Verbatim copy, images excluded: write out each record shown below.

[Recorded data Boundary: Start]

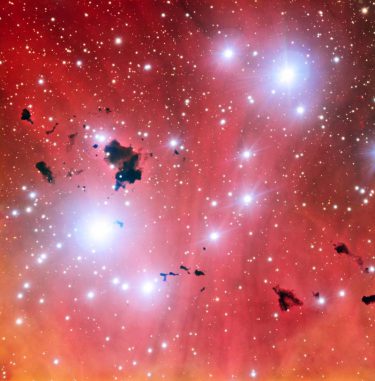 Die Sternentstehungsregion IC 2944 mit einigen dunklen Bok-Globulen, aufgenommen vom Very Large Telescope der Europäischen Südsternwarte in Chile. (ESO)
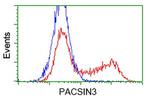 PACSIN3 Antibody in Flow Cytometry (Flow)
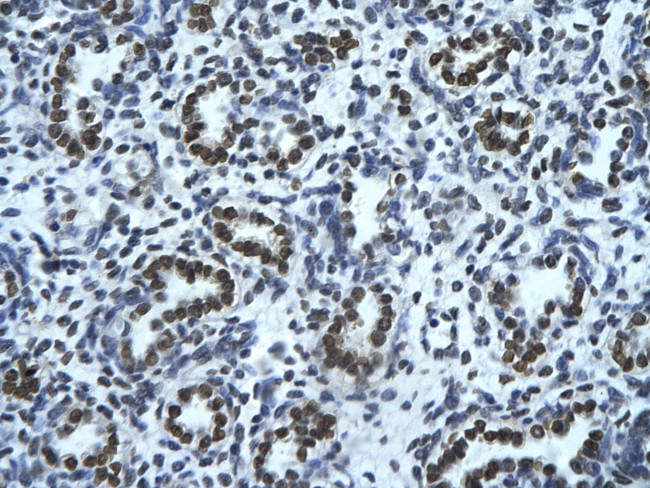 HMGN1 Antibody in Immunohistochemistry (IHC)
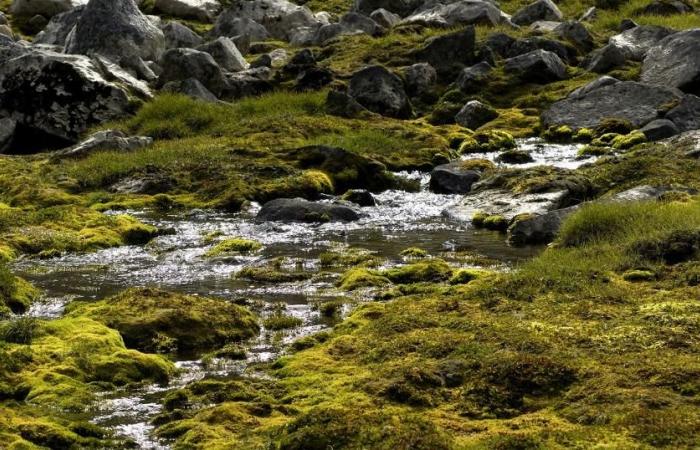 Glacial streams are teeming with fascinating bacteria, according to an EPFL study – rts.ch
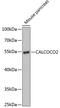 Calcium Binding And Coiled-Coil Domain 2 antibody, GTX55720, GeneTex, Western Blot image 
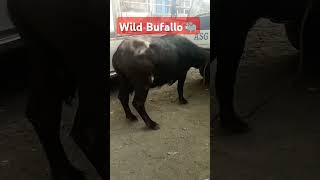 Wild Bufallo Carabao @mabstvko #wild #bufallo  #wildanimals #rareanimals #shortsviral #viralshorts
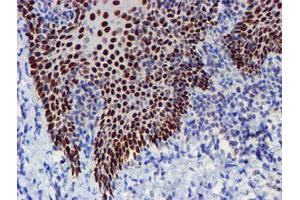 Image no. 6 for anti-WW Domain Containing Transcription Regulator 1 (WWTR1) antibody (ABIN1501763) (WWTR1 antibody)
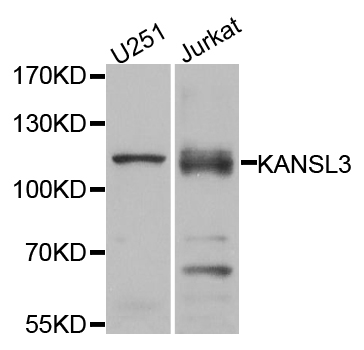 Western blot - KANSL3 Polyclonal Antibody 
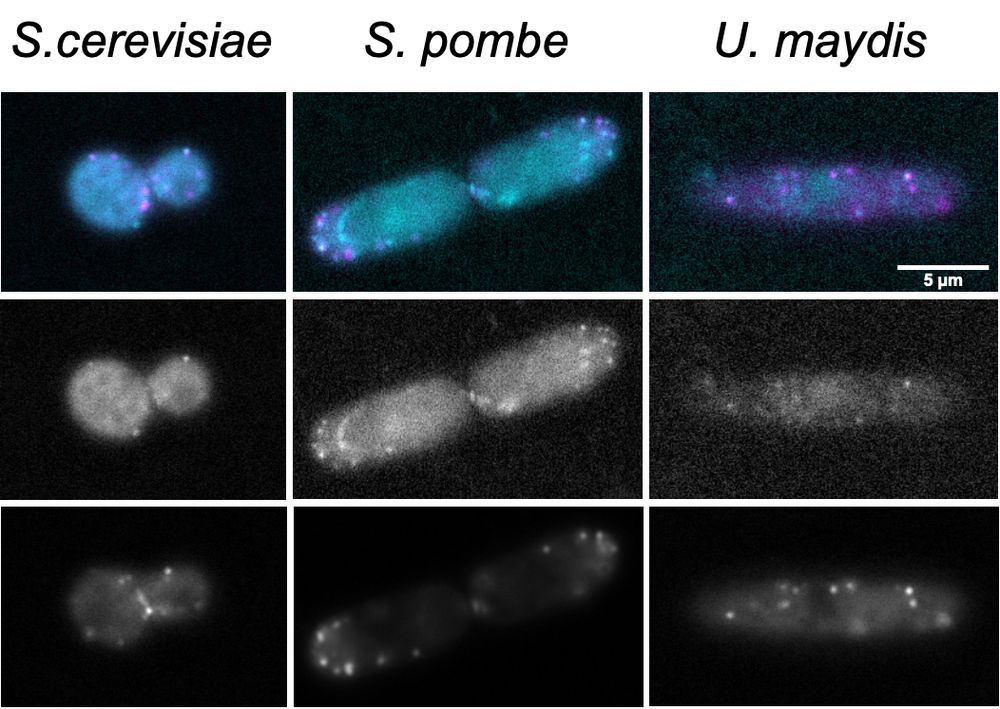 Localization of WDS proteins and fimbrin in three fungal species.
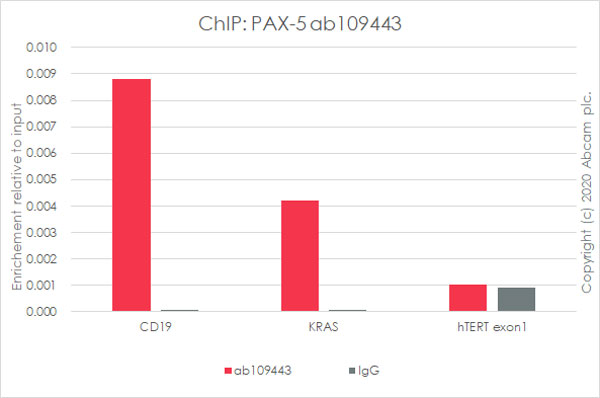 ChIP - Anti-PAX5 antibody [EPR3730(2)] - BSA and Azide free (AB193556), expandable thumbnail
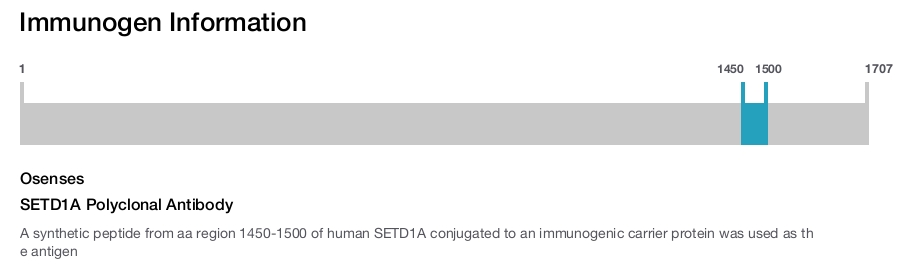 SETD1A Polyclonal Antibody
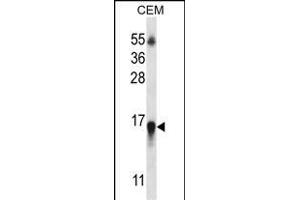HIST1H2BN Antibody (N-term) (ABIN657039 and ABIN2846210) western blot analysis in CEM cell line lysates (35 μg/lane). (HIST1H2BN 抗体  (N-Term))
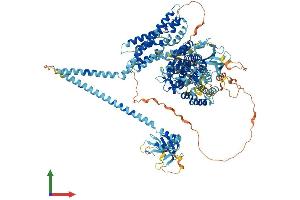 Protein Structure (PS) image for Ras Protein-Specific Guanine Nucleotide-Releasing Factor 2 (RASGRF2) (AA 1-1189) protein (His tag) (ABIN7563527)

[Recorded data Boundary: End]

[Solution below]:
 Die Sternentstehungsregion IC 2944 mit einigen dunklen Bok-Globulen, aufgenommen vom Very Large Telescope der Europäischen Südsternwarte in Chile. (ESO)
 PACSIN3 Antibody in Flow Cytometry (Flow)
 HMGN1 Antibody in Immunohistochemistry (IHC)
 Glacial streams are teeming with fascinating bacteria, according to an EPFL study – rts.ch
 Calcium Binding And Coiled-Coil Domain 2 antibody, GTX55720, GeneTex, Western Blot image 
 Wild Bufallo Carabao @mabstvko #wild #bufallo  #wildanimals #rareanimals #shortsviral #viralshorts
 Image no. 6 for anti-WW Domain Containing Transcription Regulator 1 (WWTR1) antibody (ABIN1501763) (WWTR1 antibody)
 Western blot - KANSL3 Polyclonal Antibody 
 Localization of WDS proteins and fimbrin in three fungal species.
 ChIP - Anti-PAX5 antibody [EPR3730(2)] - BSA and Azide free (AB193556), expandable thumbnail
 SETD1A Polyclonal Antibody
HIST1H2BN Antibody (N-term) (ABIN657039 and ABIN2846210) western blot analysis in CEM cell line lysates (35 μg/lane). (HIST1H2BN 抗体  (N-Term))
 Protein Structure (PS) image for Ras Protein-Specific Guanine Nucleotide-Releasing Factor 2 (RASGRF2) (AA 1-1189) protein (His tag) (ABIN7563527)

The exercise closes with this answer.